EXTRACTED INFORMATION:
"""

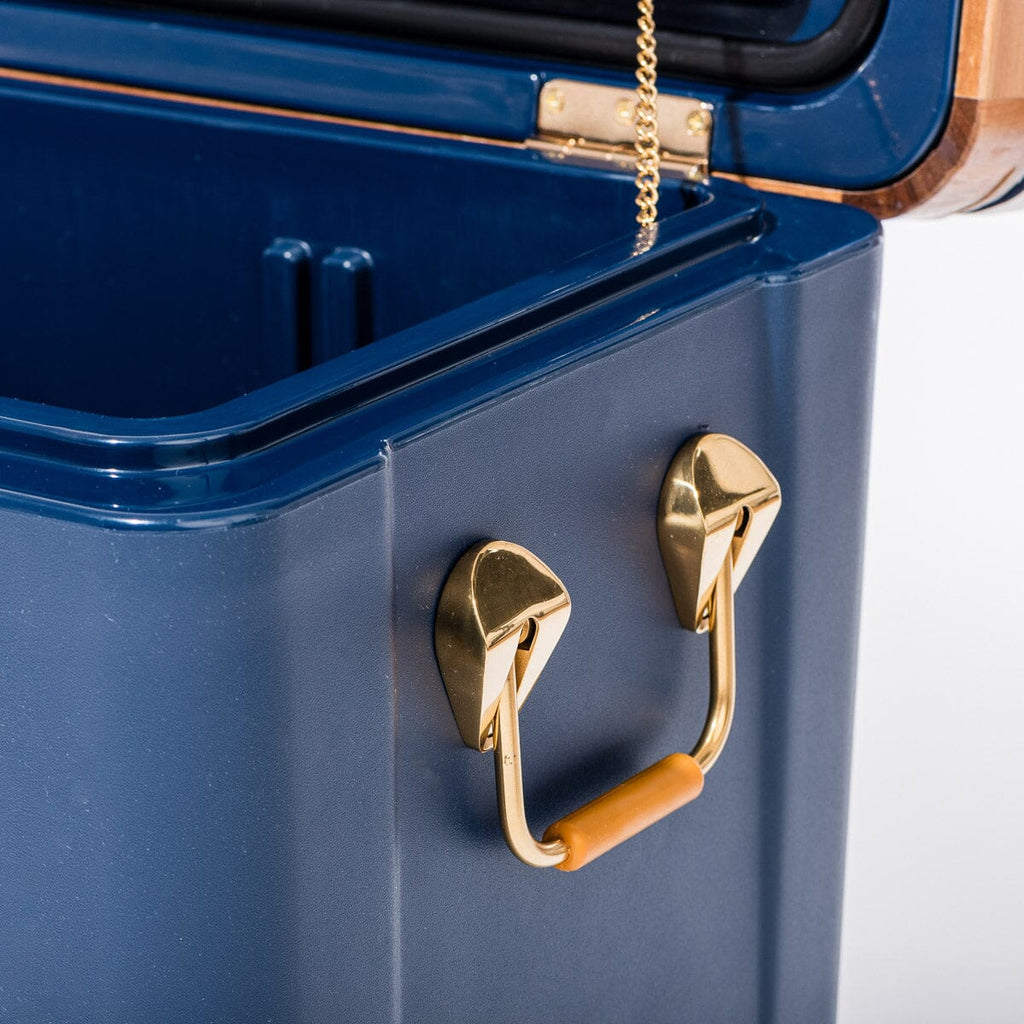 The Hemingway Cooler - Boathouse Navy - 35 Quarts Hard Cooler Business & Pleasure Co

"""
"""

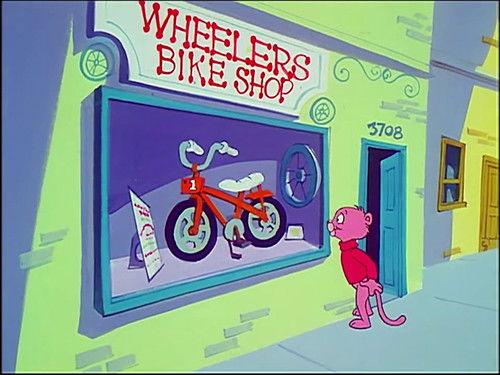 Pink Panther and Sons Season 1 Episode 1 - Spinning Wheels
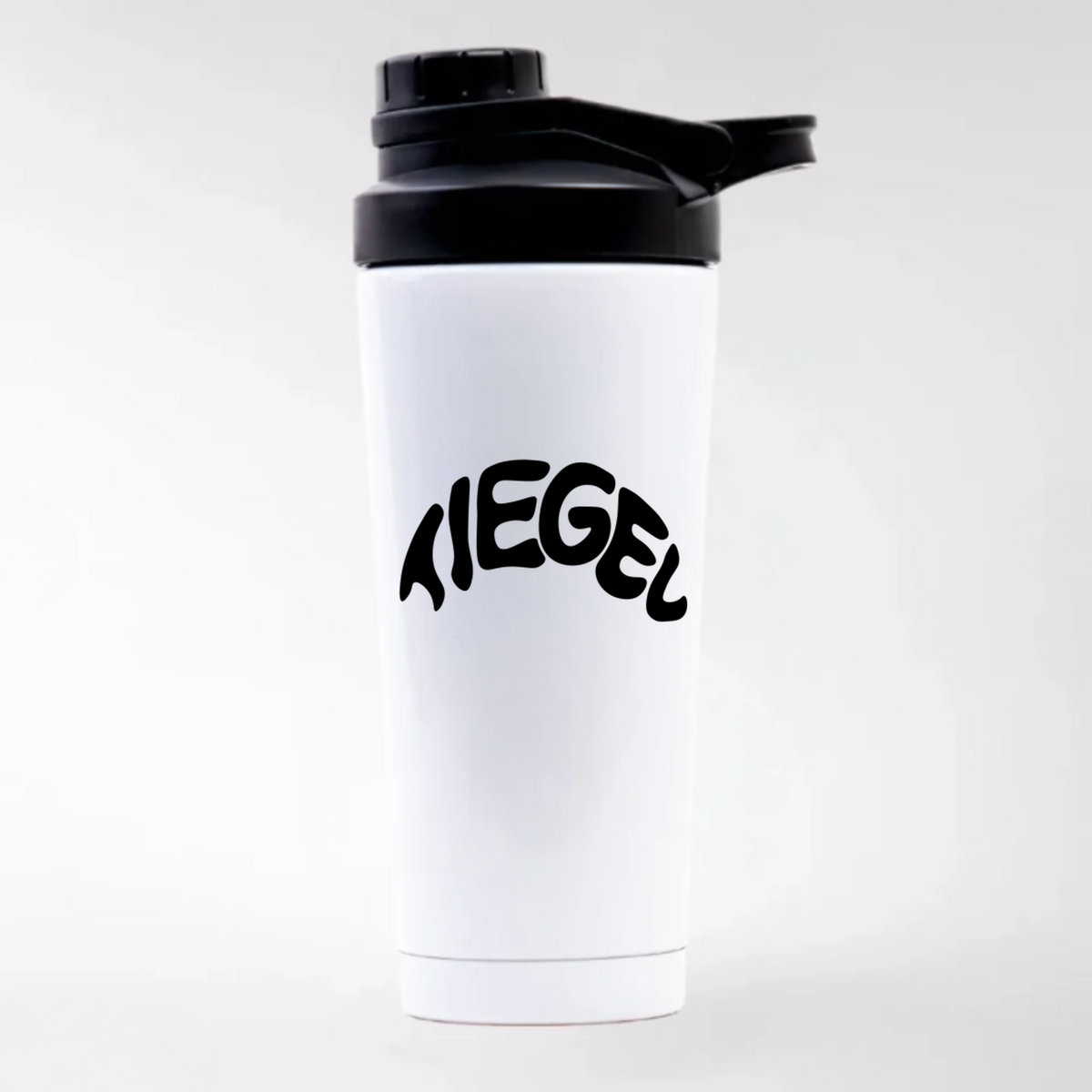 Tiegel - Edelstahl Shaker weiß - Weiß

"""
"""

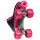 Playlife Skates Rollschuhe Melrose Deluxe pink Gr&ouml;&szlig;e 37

"""

INSTRUCTIONS TO FOLLOW: All that should be printed is the run of lines above from the one with "Pink Panther and" through the one with "Tiegel - Edelstahl Shaker weiß - Weiß", both included, exactly as given, with pictures left out.

EXPECTED ANSWER:
 Pink Panther and Sons Season 1 Episode 1 - Spinning Wheels
 Tiegel - Edelstahl Shaker weiß - Weiß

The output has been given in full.